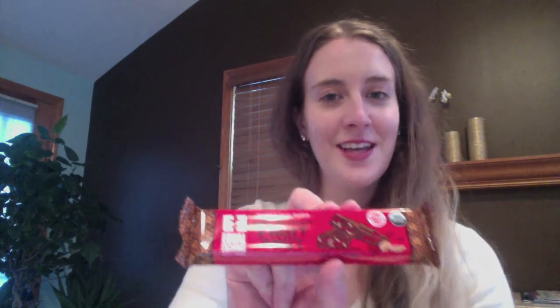The next product is the Equal Exchange Dark Chocolate Fruit and Nut Bar — organic and fair trade certified. I'm super excited about this because in my last video I talked about buying fair trade chocolate due to exploitation in the chocolate industry. This is also a Massachusetts-based company, so I love that Vegan Cuts is supporting local and small businesses. It has raisins and almonds in it — sounds super yummy.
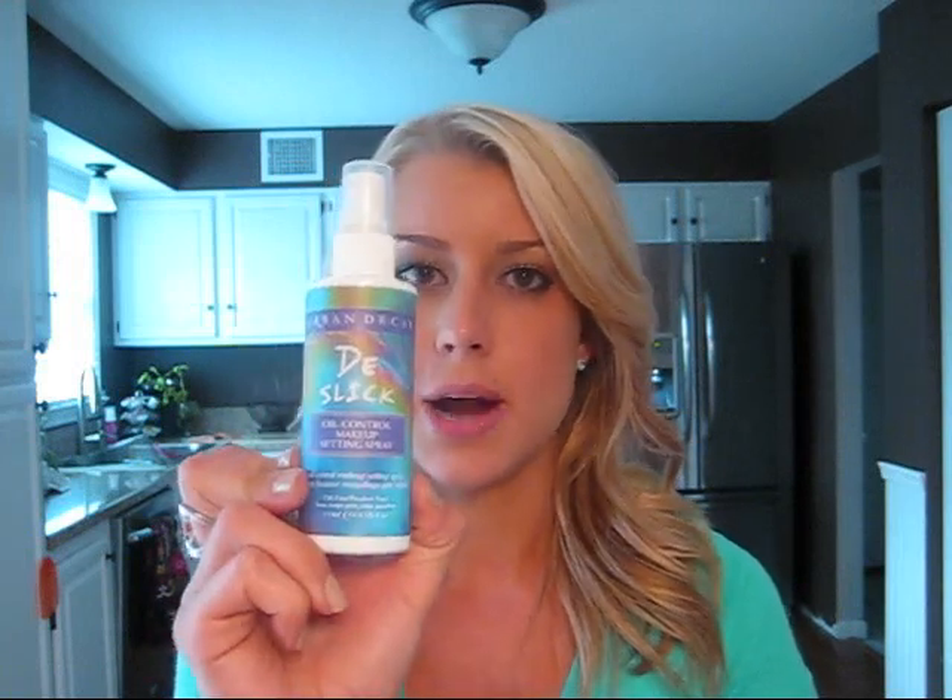To help combat oil I love — and I've talked about this in so many videos — the Urban Decay De-Slick Oil Control Makeup Setting Spray. This is $29, bought at Sephora. After moisturizing, before any primer or foundation, I spray about three sprays on my forehead and nose — my T-zone area where I really have the most oil — let that dry completely, then go ahead with foundation. Once I'm done with all my makeup I spray it a couple more times on my face. I won't say I don't get any oil at all throughout the day, but it definitely helps make everything last a little bit longer.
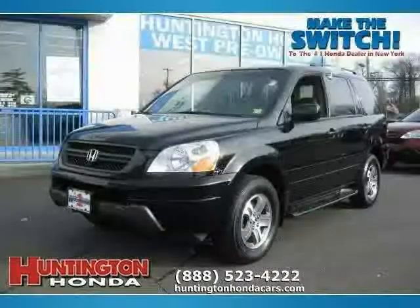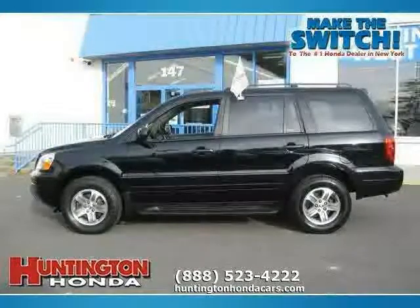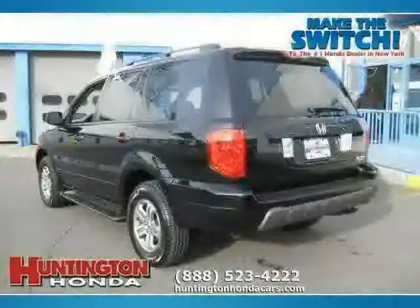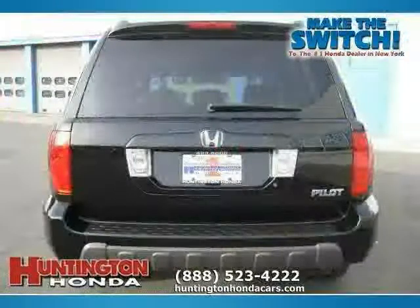Like this 2005 Honda Pilot equipped with Leather Interior, CD Changer, Power Driver Seat, Heated Mirrors, Sun Moon Roof, Traction Control, All Wheel Drive, Driver and Passenger Side Airbag,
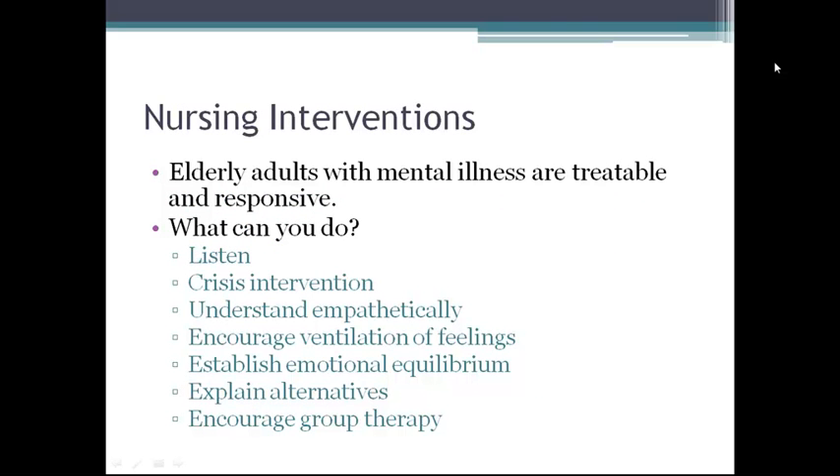The elderly who manifest mental problems are treatable and responsive. Nurses can listen, do crisis intervention, use empathetic understanding, encourage ventilation of feelings, establish emotional equilibrium when anxiety is moderate or higher, and explain alternative solutions. Counseling assists the patient to talk about their present problems in individual or group therapy. Major tasks for the nurse are to assist the patient in adjusting to the environment, keep the patient safe, minimize the effects of hospitalization on functional capacity, provide reality orientation, and engage in therapeutic communication.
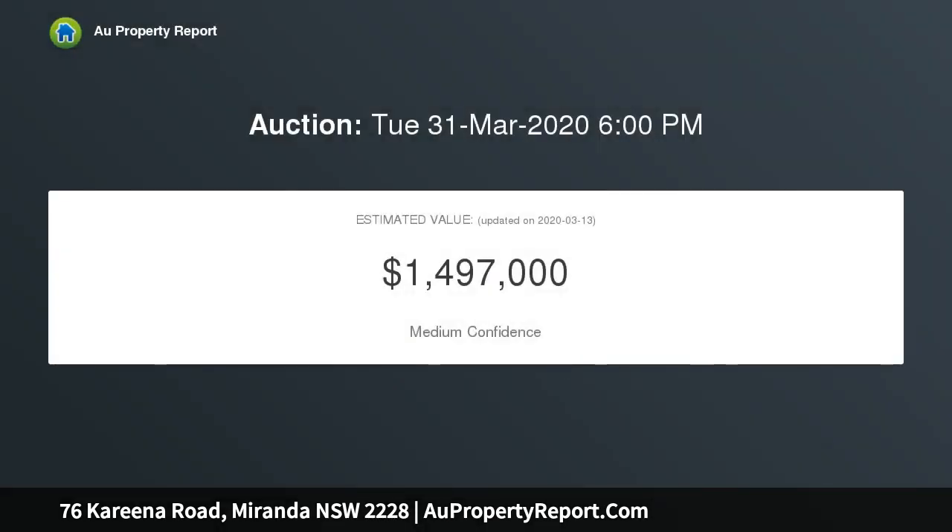Conveniently located in the highly regarded Miranda North Public School catchment, and only 1 km to Miranda Westfield, Caringbah Station, shops and restaurants.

============

• [Work order]:
Leaving pictures aside, write out each record above exactly as given.

• [Task result]:
The next product is the Equal Exchange Dark Chocolate Fruit and Nut Bar — organic and fair trade certified. I'm super excited about this because in my last video I talked about buying fair trade chocolate due to exploitation in the chocolate industry. This is also a Massachusetts-based company, so I love that Vegan Cuts is supporting local and small businesses. It has raisins and almonds in it — sounds super yummy.
To help combat oil I love — and I've talked about this in so many videos — the Urban Decay De-Slick Oil Control Makeup Setting Spray. This is $29, bought at Sephora. After moisturizing, before any primer or foundation, I spray about three sprays on my forehead and nose — my T-zone area where I really have the most oil — let that dry completely, then go ahead with foundation. Once I'm done with all my makeup I spray it a couple more times on my face. I won't say I don't get any oil at all throughout the day, but it definitely helps make everything last a little bit longer.
Like this 2005 Honda Pilot equipped with Leather Interior, CD Changer, Power Driver Seat, Heated Mirrors, Sun Moon Roof, Traction Control, All Wheel Drive, Driver and Passenger Side Airbag,
The elderly who manifest mental problems are treatable and responsive. Nurses can listen, do crisis intervention, use empathetic understanding, encourage ventilation of feelings, establish emotional equilibrium when anxiety is moderate or higher, and explain alternative solutions. Counseling assists the patient to talk about their present problems in individual or group therapy. Major tasks for the nurse are to assist the patient in adjusting to the environment, keep the patient safe, minimize the effects of hospitalization on functional capacity, provide reality orientation, and engage in therapeutic communication.
Conveniently located in the highly regarded Miranda North Public School catchment, and only 1 km to Miranda Westfield, Caringbah Station, shops and restaurants.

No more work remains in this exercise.